COLLECTED MATERIAL ::
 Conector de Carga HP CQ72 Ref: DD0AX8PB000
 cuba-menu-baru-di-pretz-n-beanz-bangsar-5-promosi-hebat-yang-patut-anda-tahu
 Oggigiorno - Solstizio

BRIEF :: Write the data out again in full. Match it word for word.

TASK ANSWER ::
 Conector de Carga HP CQ72 Ref: DD0AX8PB000
 cuba-menu-baru-di-pretz-n-beanz-bangsar-5-promosi-hebat-yang-patut-anda-tahu
 Oggigiorno - Solstizio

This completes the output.